In other words, our organizational structures should actually encourage our Boards to generate alternative visions or scenarios, and to ask the hard questions. All the while, holding the CEO accountable to the answers.

Professionally, I love this approach. I think it’s important to drive the CEO to test current approaches to see if the organization is remaining relevant in today’s unstable and ever-changing environment. As CEO, it’s a refreshing concept to be able to say that, “my Board is comfortable embracing the hard questions, unpackaging how we have always done things, and reassessing our innovation and relevance in the current landscape.” This is not challenging to me as a CEO. On the contrary, it is a clear representation of trust between my position and that of the Board. And, I welcome the opportunity to influence, shape, and champion the board’s compelling, or even provocative vision.

But, in today’s environment, this dual faceted conversation of governance and leadership isn’t enough. We have to also look at adding the third layer into the conversation – DEI.

Now, you and I know that DEI is all the rage right now. It’s a buzzword that investors, consumers, and employees are all demanding to be addressed by anyone in any kind of business. It can be easy for C-suite executives to feel bound by what can be seen as unrealistic or vague expectations. But I’m here to tell you that, leaning into DEI and embracing it fully, can actually set you free. Let’s go ahead, and unlock those fuzzy handcuffs.

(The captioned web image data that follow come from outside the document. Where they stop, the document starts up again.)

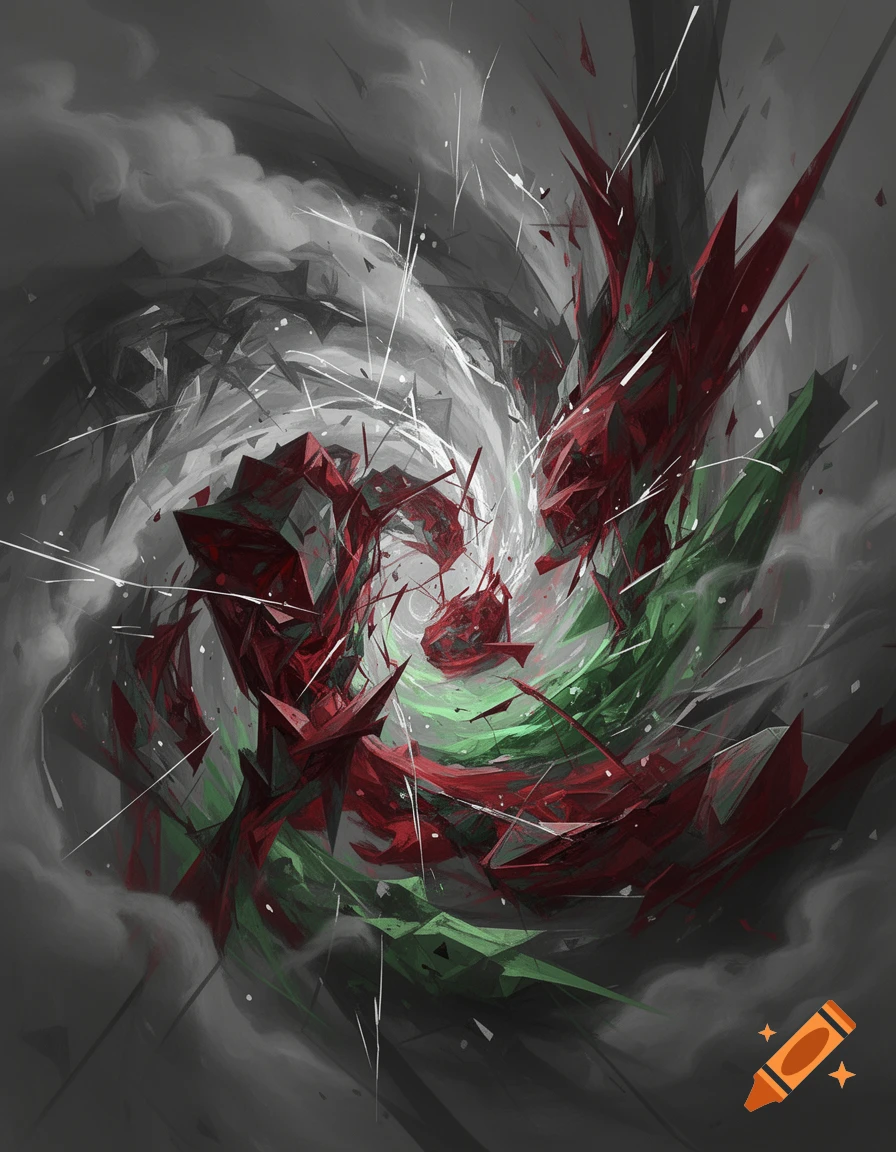 Abstract digital art featuring a swirling vortex of sharp, fragmented shapes in red, green, white, and dark grey, evoking chaos and imbalance.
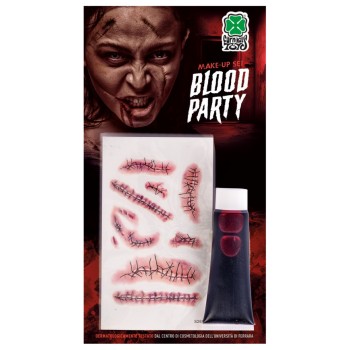 Set trucco horror con tubetto sangue e tatuaggi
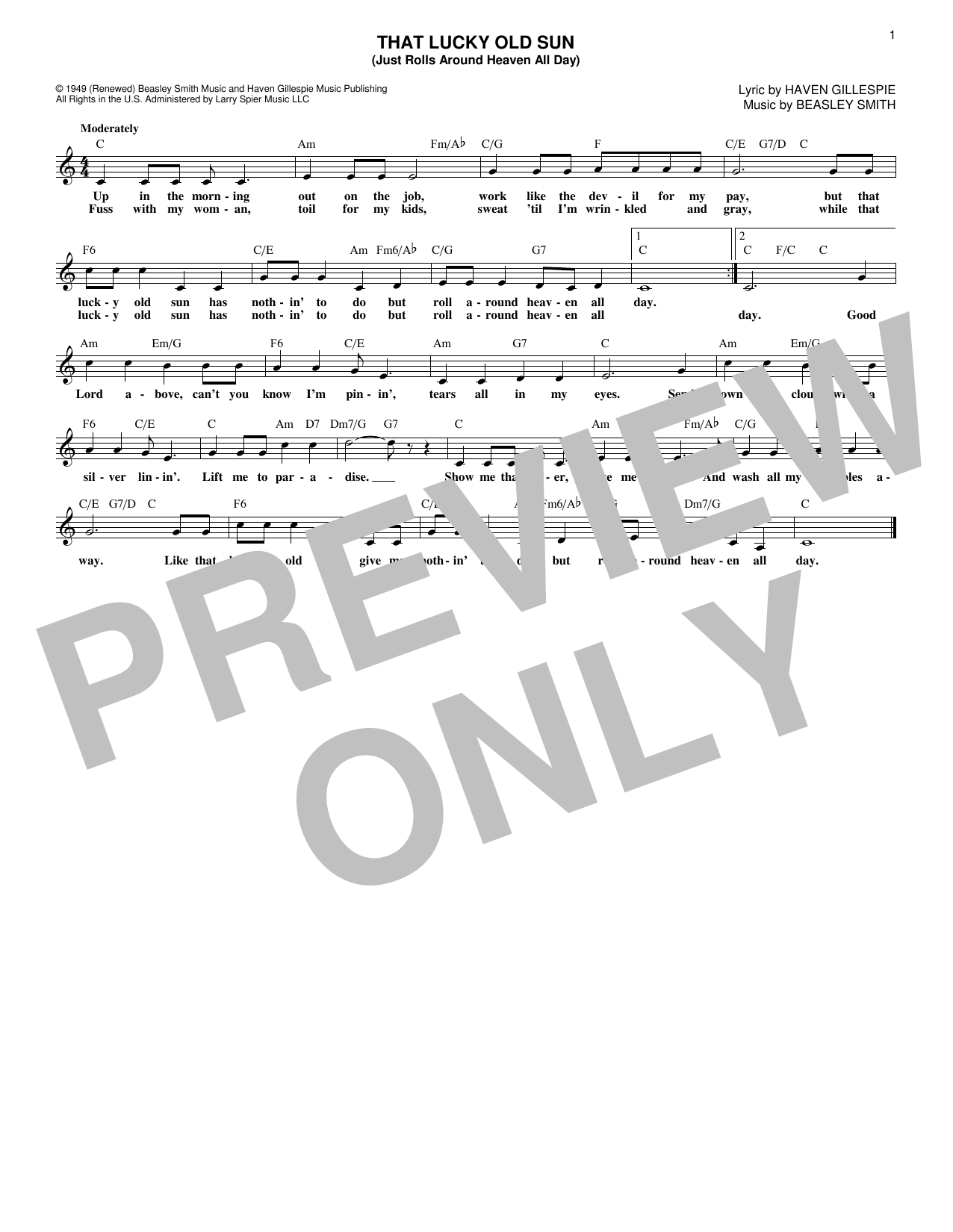 Haven Gillespie That Lucky Old Sun Sheet Music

First things first – we need to recognize that in order to achieve a culturally competent, responsive, and psychologically safe work environment, external proclamations must be reflected internally with updated policies and tangible actions. Public statements are nice, but it’s the organizational practices that matter. Ultimately, as leaders, we must create an internal mindset that emphasizes trust-building and celebrates all our different identities, life experiences, and education.

And while I often shy away from promoting top-down governance strategies, I do make an exception when it comes to diversity. DEI must be encouraged and enacted at the highest levels of any organization – and this means taking active steps in diversifying the Board itself. If we truly want our Boards to have the robust conversations that lead to pushing the envelope and disrupting norms, we need the deep insight and multiple perspectives that can only come from differing lived experiences – whether by race, ethnicity, orientation, or gender. Diverse boards are the best boards.

In addition, the Board should get into the practice of producing and reviewing an annual Diversity report. This will help inform the overall governance provided and communicate to all stakeholders how DEI is prioritized and executed.

Diversity reports often include the following observations and measurements:

  • An updated Board diversity statement
  • The diversity and inclusion policy of the organization
  • A history of the business’s journey towards diversity
  • Goals and progress towards achieving those goals
  • A list of employee resources for diversity and inclusion
  • Board recruitment strategies that seek out underrepresented candidates
  • Programs, events, conferences, and other resources held that year
  • If applicable, diversity council members or external diversity advisors
  • Partner organizations to continue fostering diversity and brand reputation outside the board
  • Diversity awards and honors

By formalizing DEI into a Board responsibility and keeping the CEO accountable to it, you will ensure that your organization benefits from the innovative, unbound, and free-thinking that a truly diverse team offers. I consider this the best kind of “risky business,” and I can think of nothing more sexy when it comes to good governance and leadership.